- _Exercise materials_:
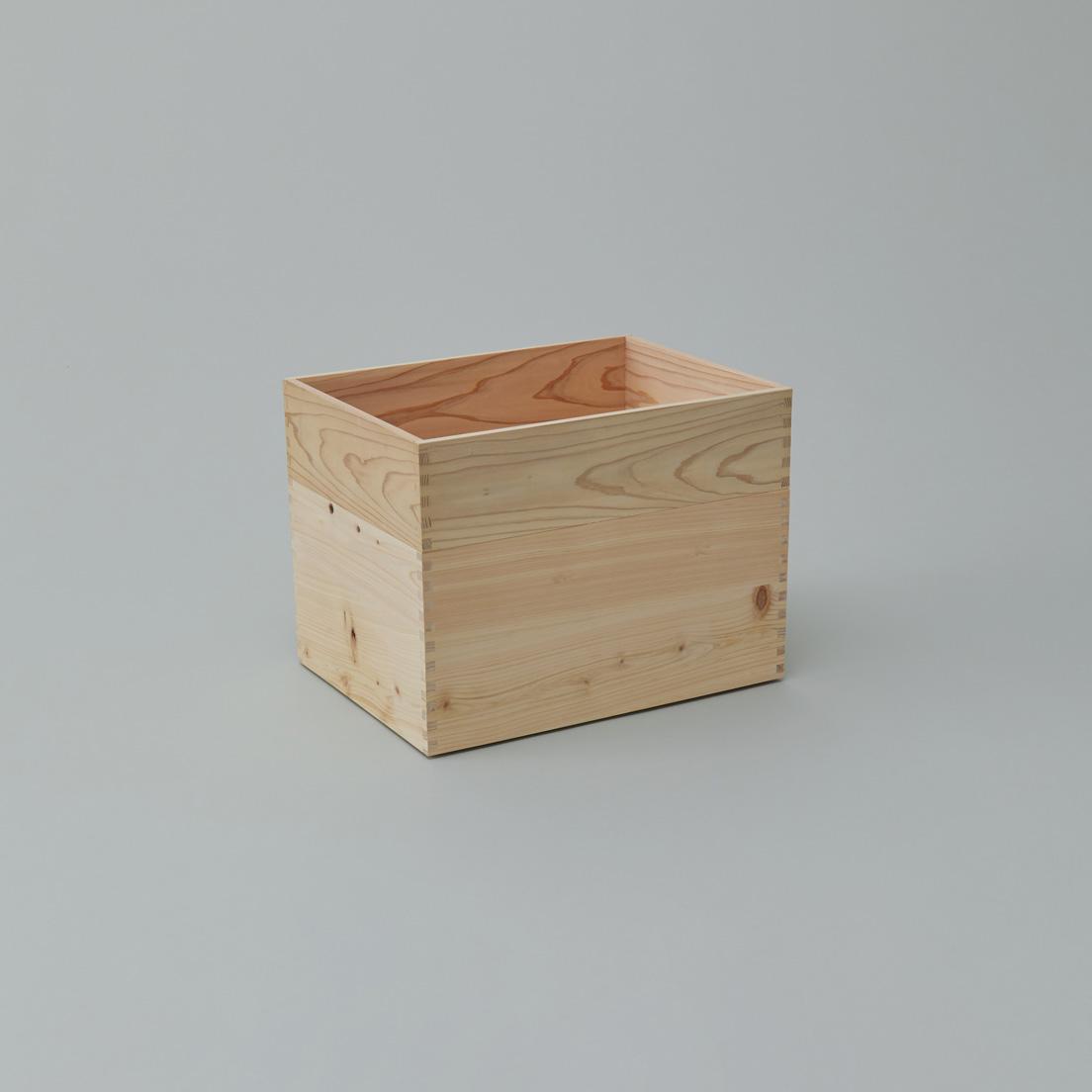 A BOX〈aemono〉
 by 真喜志奈美
「東京」をテーマに製材、乾燥、加工の全工程を都内で行う木箱。天然木の木目や節を生かし、表情がそれぞれ異なる。釘を使わず接合し、底面には裏桟をつけ、スタッキングを可能に。主張しない佇まいの随所にこだわりが光る。Ｗ48×Ｄ36×Ｈ12㎝ 12,100円、Ｗ48×Ｄ36×Ｈ24㎝ 13,750円（SOLO TEL 03 6276 4023）。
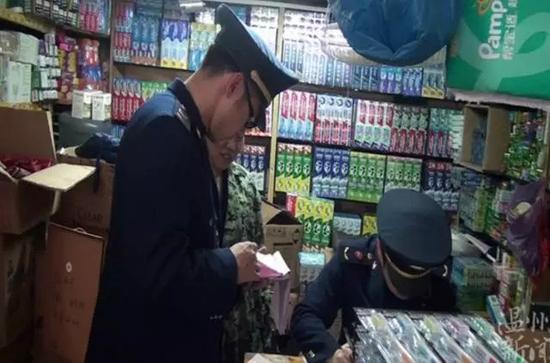 随后，温州市龙湾区公安分局联合市场监管局，突击检查辖区内多家小型超市、便利店和食杂店，现场查获假冒品牌创可贴数十箱。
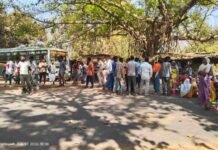 कोल ब्लॉक के विरोध में लोगों ने किया चक्का जाम.करतला मार्ग पर तौलीपाली में सड़क पर ग्रामीण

- _Exercise objective_: None of the pictures belong in the copy; repeat all other material exactly.

- _Exercise response_:
 A BOX〈aemono〉
 by 真喜志奈美
「東京」をテーマに製材、乾燥、加工の全工程を都内で行う木箱。天然木の木目や節を生かし、表情がそれぞれ異なる。釘を使わず接合し、底面には裏桟をつけ、スタッキングを可能に。主張しない佇まいの随所にこだわりが光る。Ｗ48×Ｄ36×Ｈ12㎝ 12,100円、Ｗ48×Ｄ36×Ｈ24㎝ 13,750円（SOLO TEL 03 6276 4023）。
 随后，温州市龙湾区公安分局联合市场监管局，突击检查辖区内多家小型超市、便利店和食杂店，现场查获假冒品牌创可贴数十箱。
 कोल ब्लॉक के विरोध में लोगों ने किया चक्का जाम.करतला मार्ग पर तौलीपाली में सड़क पर ग्रामीण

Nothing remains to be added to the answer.